With the waves lapping around my body and the soothing sound of the surf in my ears, the burden of my birthright seemed to slip away, sinking down to the ocean floor.

Stroke by stroke, I felt lighter. Freer.

This was my happy place.

As my limbs fell into a repetitive rhythm, I let my mind wander.

I thought about a life beyond the Jersey Shore and the Sunny Side Bed-and-Breakfast. Beyond the beach and the boardwalk, beyond making beds and cleaning bathrooms. There was something else out there for me.

I knew there was. I could almost hear it calling.

Okay, so maybe it wasn’t a life as adventurous or magical as the ones in my romantasies.

But who knew? Maybe it was.

Reaching the next unoccupied lifeguard stand, I drew a deep breath, dipped my head underwater, and curled my legs up to my chest to do a flip turn—basically a somersault in the water—just like I’d done a thousand times before in the pool.

Once I was upside down, I was about to exhale, blowing bubbles out through my nostrils so the salt water wouldn’t go up my nose, when—

Ow!

Pain seized my left leg. A cramp.

The sudden, sharp ache interrupted the flow of my turn, and for a few moments, I was completely disoriented. Seawater shot up my nose, stinging my sinuses. All I could hear was the thump-thump of my heartbeat in my ears.
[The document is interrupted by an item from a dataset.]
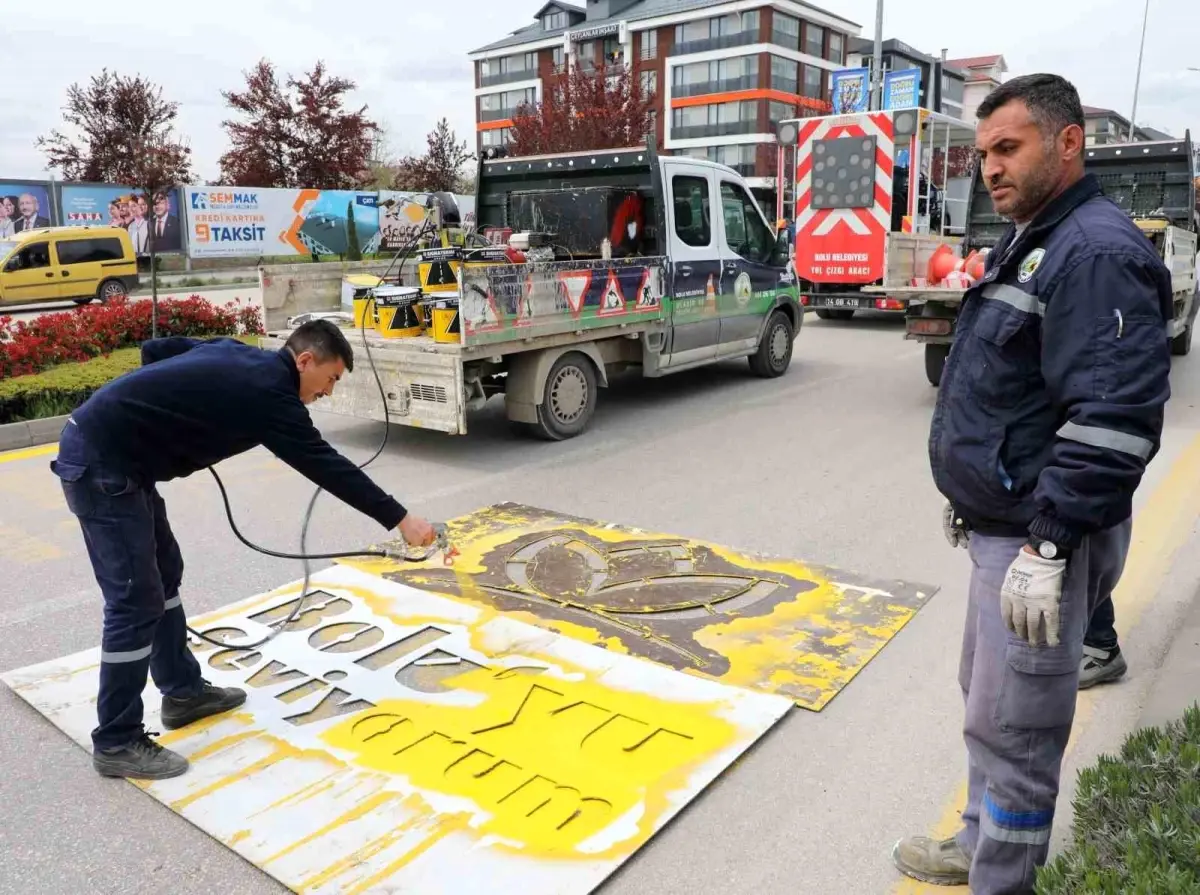 Bolu Belediyesi Yol Çizgileri ve Yaya Geçitlerini Yenileyecek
My butt hit bottom, and I struggled to right myself and find purchase on the shifting ocean floor. Once I got my footing, I was still in over my head, but at least I could tell which way was up. Trying to ignore the swimmer’s cramp in my leg, I pushed off.

Sputtering and coughing, I broke the surface. I shoved my hair out of my eyes and looked around to get my bearings. Somehow, I’d emerged much farther from the shore. And the water was a lot choppier.

The thumping of my heart picked up speed.

My eyes scanned the beach, searching for someone I could signal for help.

Gym bros? Metal-detector guy?

Nope. Just me and the seagulls. And since I wasn’t a french fry or a discarded pizza crust, there was zero chance of one of the scavenger birds swooping down and plucking me up.